REPUBBLICA ITALIANA
In nome del Popolo Italiano
LA CORTE SUPREMA DI CASSAZIONE
QUINTA SEZIONE PENALE
Composta da:
Dott. ROSA PEZZULLO – Presidente –
Dott. MICHELE ROMANO – Consigliere –
Dott. FRANCESCO CANANZI – Consigliere –
Dott. ANNA MARIA GLORIA MUSCARELLA – Consigliere –
Dott. TIZIANO MASINI – Relatore –
ha pronunciato la seguente
SENTENZA
sul ricorso proposto da:
(OMISSIS) (OMISSIS) nato a (OMISSIS) il xx/xx/19xx;
avverso la sentenza del 21/10/2024 della CORTE APPELLO di CALTANISSETTA;
visti gli atti, il provvedimento impugnato e il ricorso;
udita la relazione svolta dal Consigliere Dott. TIZIANO MASINI;
il Procuratore Generale presso la Corte di cassazione, dr. Giuseppe Sassone, ha depositato conclusioni scritte, con cui ha chiesto il rigetto del ricorso.

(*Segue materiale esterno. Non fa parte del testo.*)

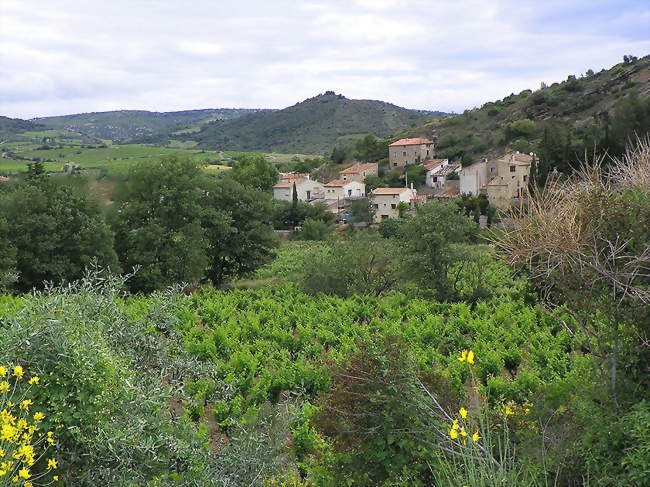 Villeneuve-les-Corbières au milieu de son vignoble - Villeneuve-les-Corbières (11360) - Aude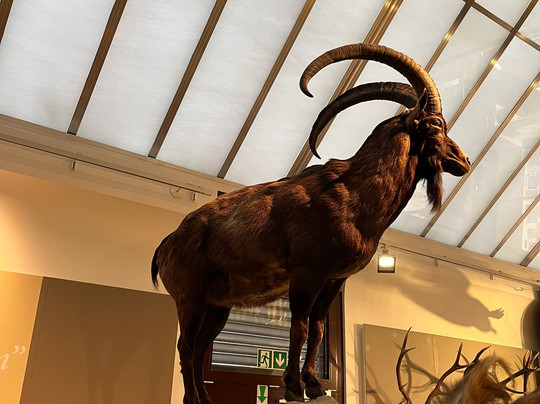 Bündner Naturmuseum-库尔必去景点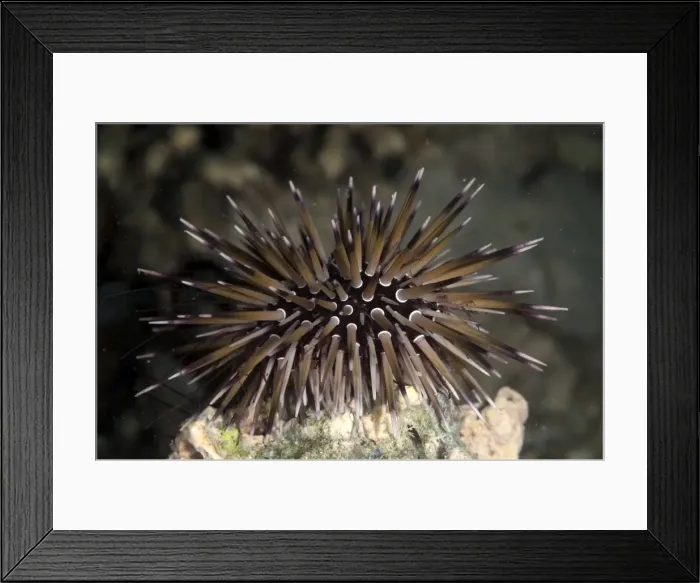 Framed Print : Picture No. 11675184 Framed Print : Picture No. 11675184
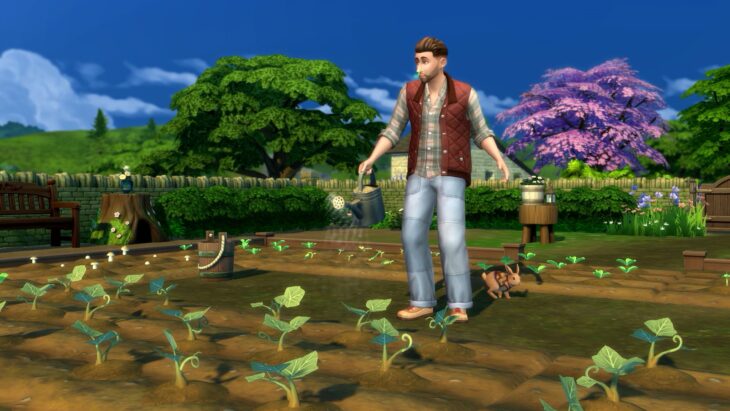 кролик помогает с огородом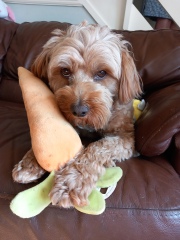 Pamela thread 3 - Bile Duct Cancer, off to London!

In data 9 maggio 2025, il difensore dell’imputato ha depositato memoria difensiva, con cui ha insistito per l’accoglimento del ricorso.
In data 20 maggio 2025 la difesa di parte civile ha inoltrato memoria difensiva, a sostegno delle proprie ragioni.
Ritenuto in fatto
1. (OMISSIS) (OMISSIS) ha proposto ricorso per cassazione avverso la sentenza della Corte d’appello di Caltanissetta, che ha confermato quella del Tribunale monocratico, che, escluse le aggravanti di cui ai commi 3 e 4, ne ha dichiarato la penale responsabilità in relazione al delitto di cui all’art. 595 cod. pen., con la recidiva specifica e reiterata e con la condanna al risarcimento del danno in favore della parte civile costituita, (OMISSIS) (OMISSIS).
2. L’atto di impugnazione consta di un solo composito motivo, che ha dedotto i vizi di cui all’art. 606 comma 1 lett. b) e c) cod. proc. pen., anche per “travisamento del fatto”; non sarebbe ravvisabile alcuna diffamazione perché il comizio tenuto in piazza dall’imputato e le parole da lui pronunciate sarebbero state dirette esclusivamente a stimolare il Sindaco e gli amministratori del Comune di Gela a denunciare alla polizia le infiltrazioni mafiose nell’ente pubblico, con particolare riferimento al settore dello smaltimento dei rifiuti, gestito da un’impresa, affidataria del servizio, “in odore di Camorra”, al fine di evitare che si riproponesse un clima simile a quello degli “anni di piombo”; egli avrebbe rispettato il “nucleo di verità dei fatti senza trasbordare in gratuiti attacchi alla sfera personale del Sindaco”. Insomma, la Corte d’appello avrebbe dovuto riconoscere la scriminante del diritto di critica politica, anche eventualmente nella forma putativa.
Considerato in diritto
Il ricorso, a tratti inammissibile, è nel complesso infondato.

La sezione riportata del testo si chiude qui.